The Fed had left its 2026, 2027 and long-term estimates for the federal funds rate unchanged at 3.4%, 3.1% and 3%, respectively, which signaled two rate cuts for this year.
Meanwhile, the bank still needs obvious evidence of a weakening in the economy to cut rates again and it is unlikely that the Fed will cut rates to prevent a possible economic slowdown until the labor market is weakened enough, analysts said.
Last week, the US non-farm payrolls rose to 228,000 in March, above estimates, while the unemployment rate ticked up from 4.1% to 4.2%. Trump urged Powell to lower rates, saying it is the “perfect” time and to stop “playing politics,” in a post on Truth Social.
Wall Street economists upwardly revised inflation estimates and the recession possibility after reciprocal tariffs were announced, which fueled the projections that the Fed may start cutting rates as early as June or even May.

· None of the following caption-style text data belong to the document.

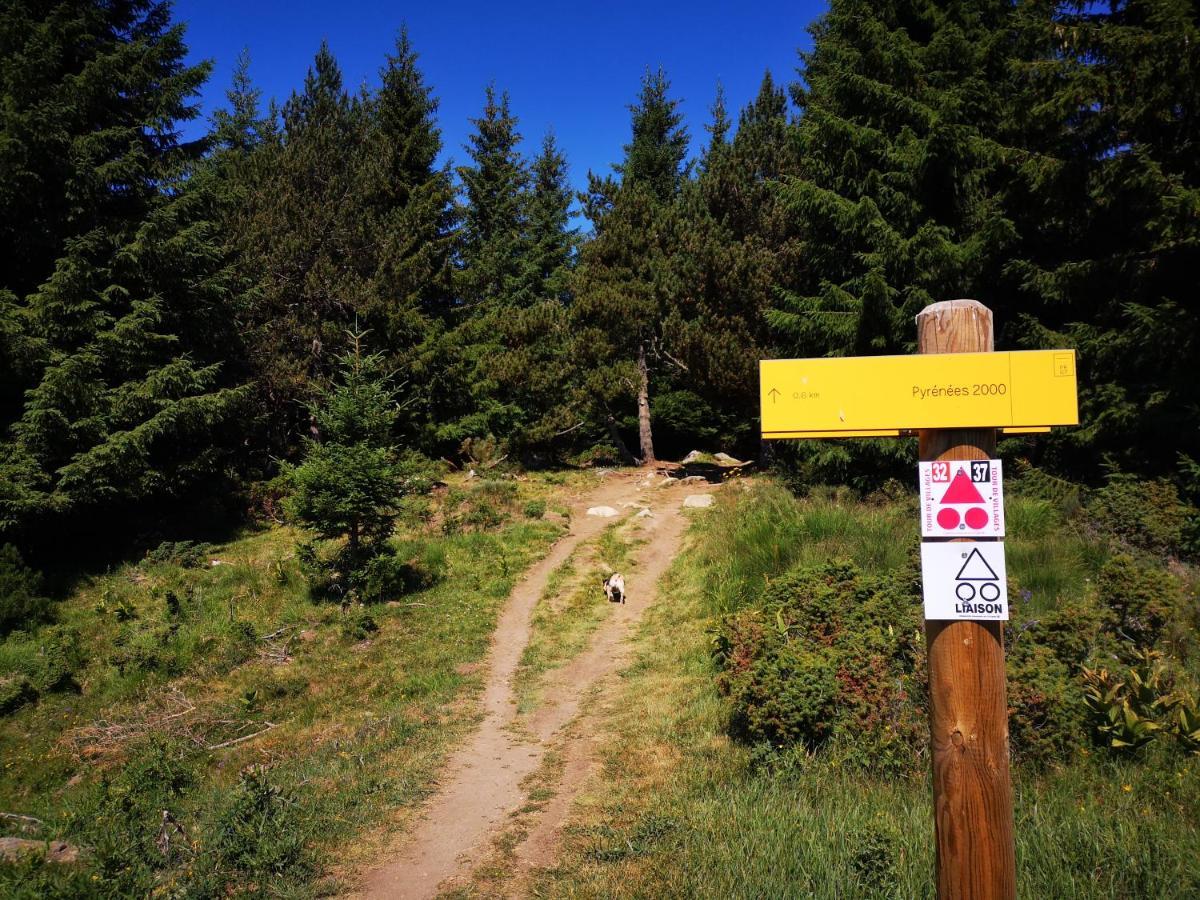 Apt Confortable Au Pied Des Pistes Et De La Foret Bolquere Екстер'єр фото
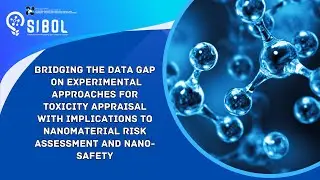 Silico Nanotoxicology Evaluation of Engineered Nanomaterials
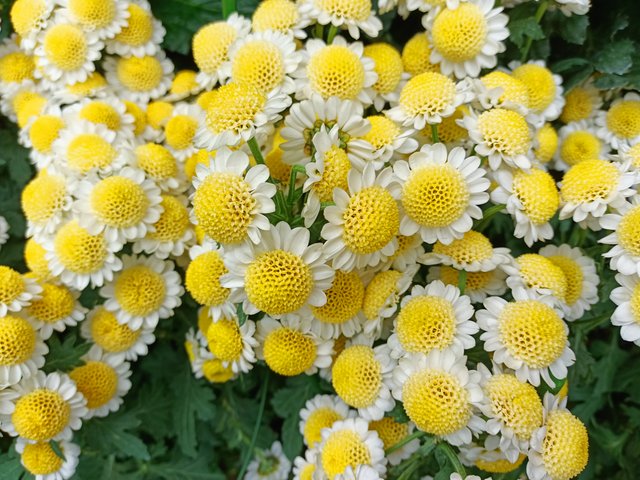5 feverfew.jpg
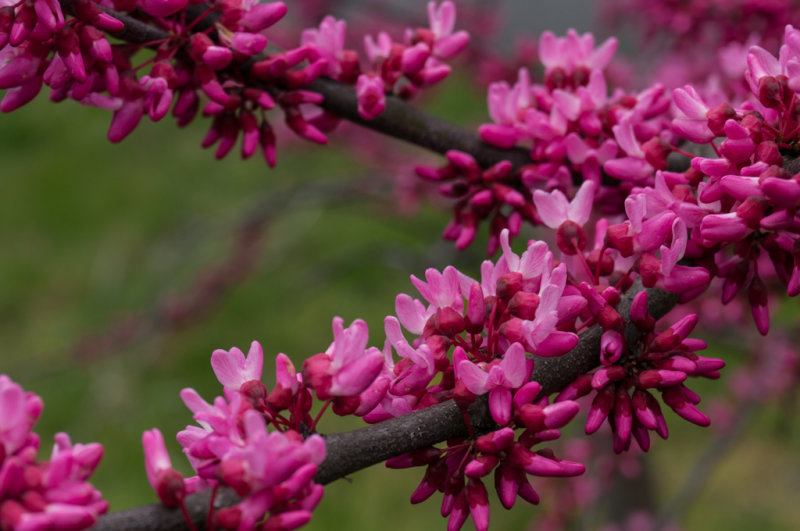 todays red bud-2544.jpg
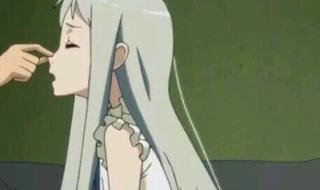 未闻花名原本的名字 我们仍未知道花名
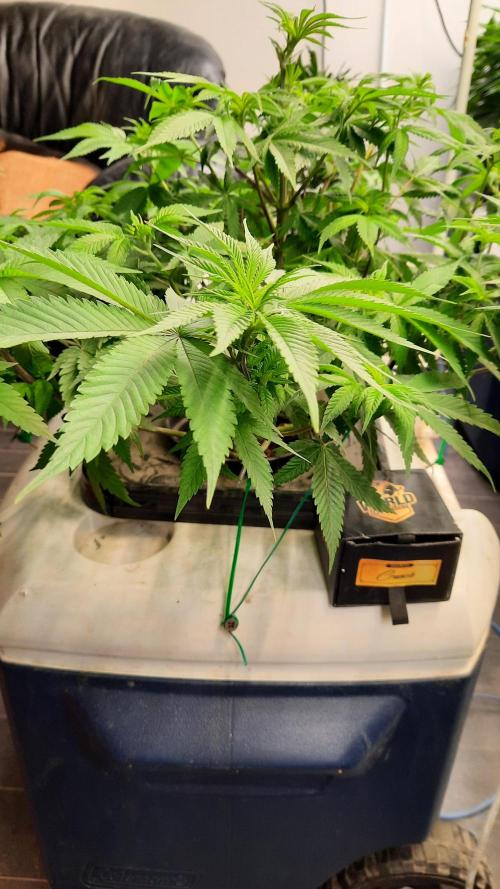 Crunch(World Breeders). Week 7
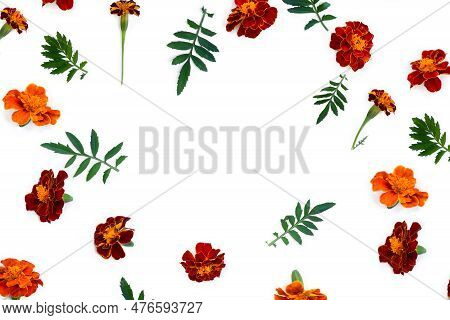 Marigold ( Tagetes ) Flowers  On A White Background With Space For Text. Top View, Flat Lay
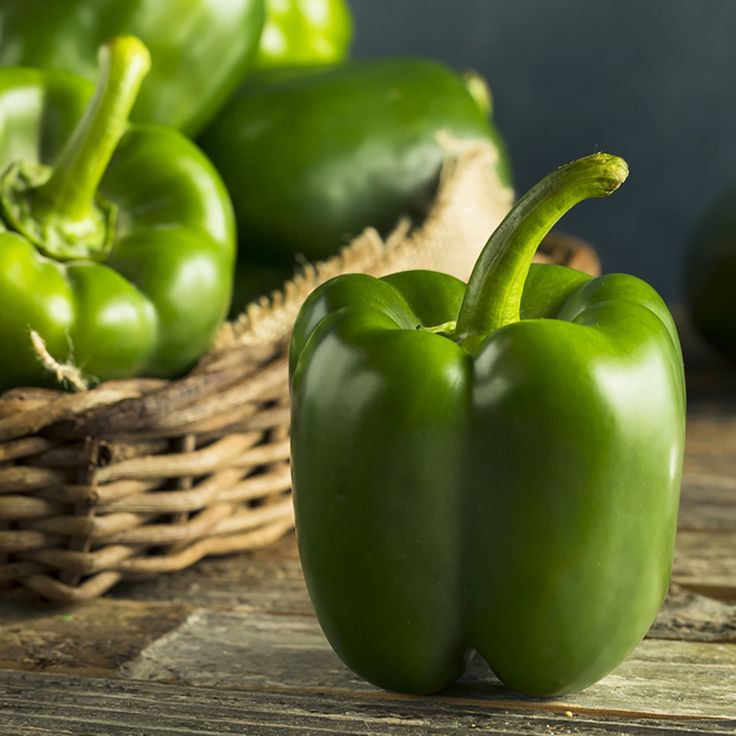 Green Capsicum (سبز شملہ) 15 Seeds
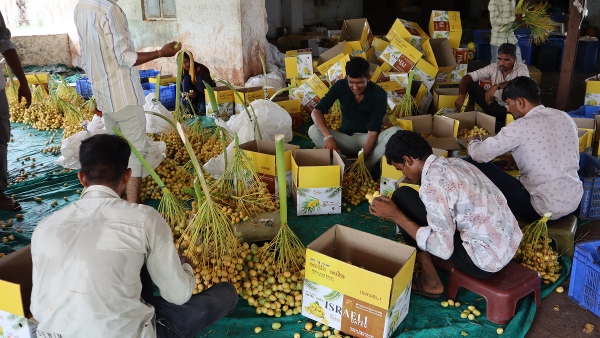 Agriculture Agriculture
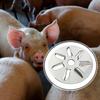 Animale de fermă
 – Produse pentru îngrijire animale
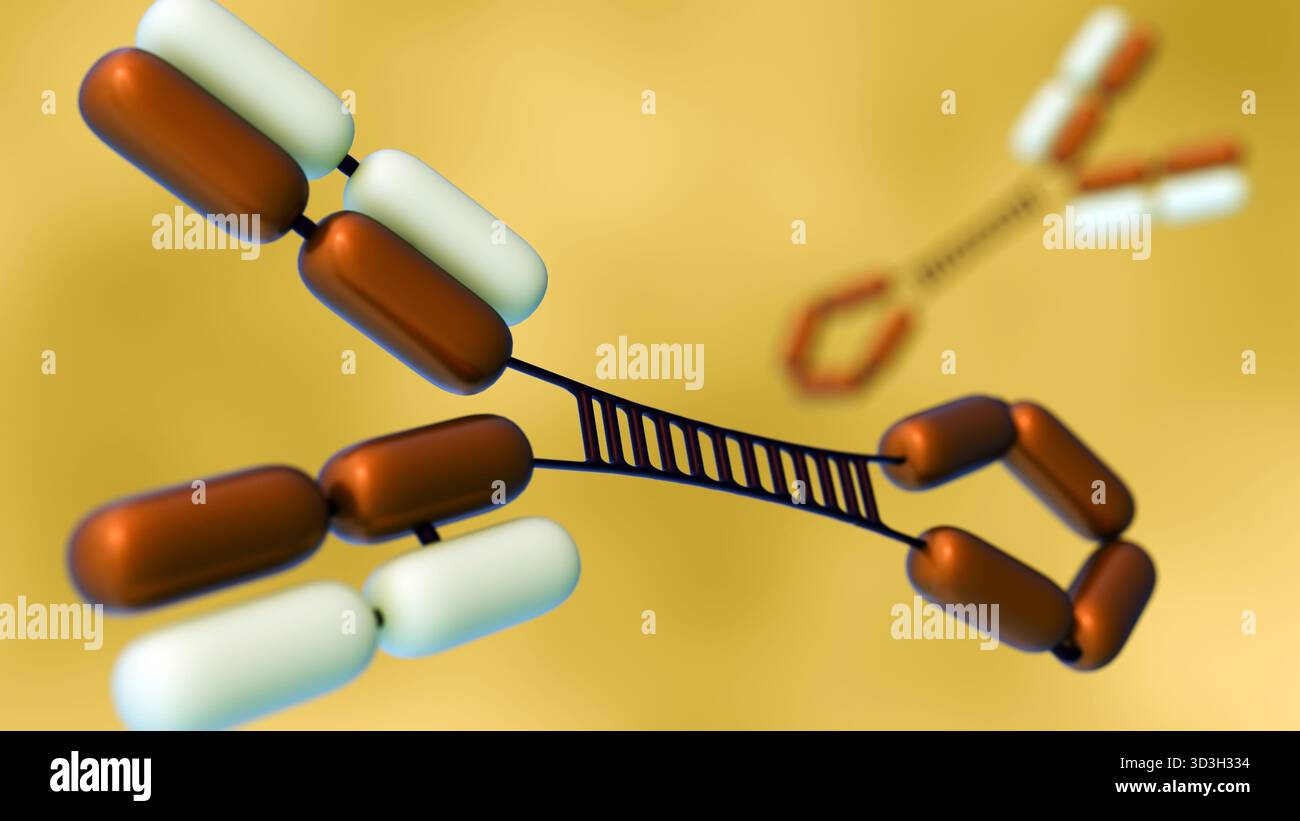 Rendering 3d di Immunoglobulina diffusa o molecole IgG3 sullo sfondo. Foto Stock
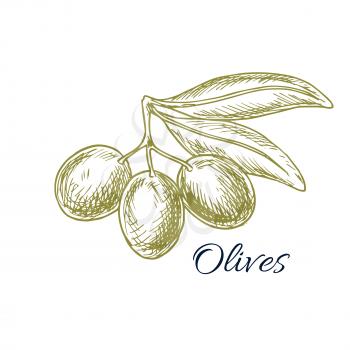 Olives sketch of vector olive-tree branch with green olive fruit for olive oil product or bottle label, salad dressing ingredient and seasoning of healthy vegetarian and vegan vegetable food menu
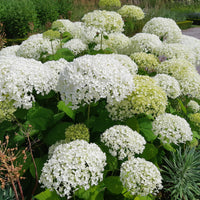 Hortensia - Sneeuwbalhortensia 'Strong Annabelle' - Hydrangea arborescens 'strong annabelle'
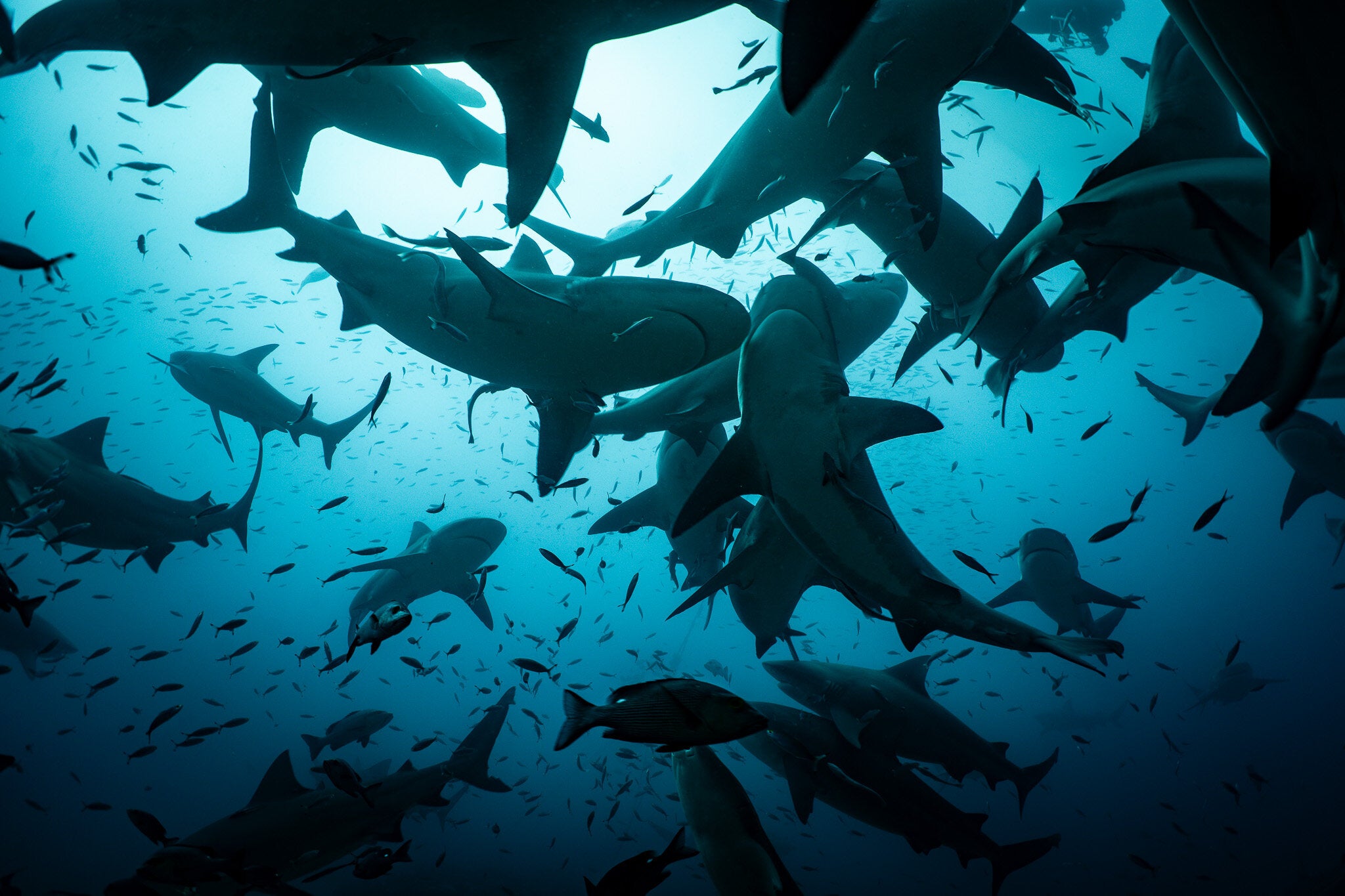 View from below the bull sharks in the 'Arena’ at Shark Reef Marine Reserve.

The possibility of the Fed cutting rates at its May meeting rose above 30% from 14% a week ago, according to the CME Group. The Fed is likely to cut its policy rate to 3.25% from 3.5% by the end of the year, meaning a four-quarter-point rate cut.
Decline in inflation estimates may point to ‘macro malaise’
Padhraic Garvey, regional head of research of the Americas at ING, told Anadolu in an email that Trump’s “so-called ‘liberation day’ caused many and varied market reactions,” but the most significant of which was the “virtual collapse in equity valuations.”
“While understandable, this was a tad strange, as the tariff announcements were not that deviant from what was expected,” he noted. “The 10% baseline was one that Donald Trump campaigned on, and 60% on China was another, and reciprocal tariffs were an overlay on top of that, much of which panned out as could be anticipated from existing trade deficits. So why the collapse?”
“The only logical rationale is a belated downsizing to future earnings, with structural implications; in that sense, this is bad,” he said.
Garvey stated that the tariffs put upward pressure on prices, “so, surely inflation breakevens should have shot higher,” he said.
He noted that the decline in market inflation estimates has good and bad aspects.
“The good is that it perhaps allows room for the Federal Reserve to cut quicker should the macro economy weaken in the coming months,” he said. “The bad is it begins to paint a picture of macro malaise—it’s too early to make that call but we can’t ignore what we are seeing.”
Garvey said the feared price increases stemming from the tariffs will turn into a permanent inflation trend, meaning the Fed may not be able to lower rates as much as desired.
“In this scenario, the Fed gets the funds rate to neutral when in fact they would prefer to push it through neutral,” he said. “Here, downward pressure is placed on the 10-Year (bond).”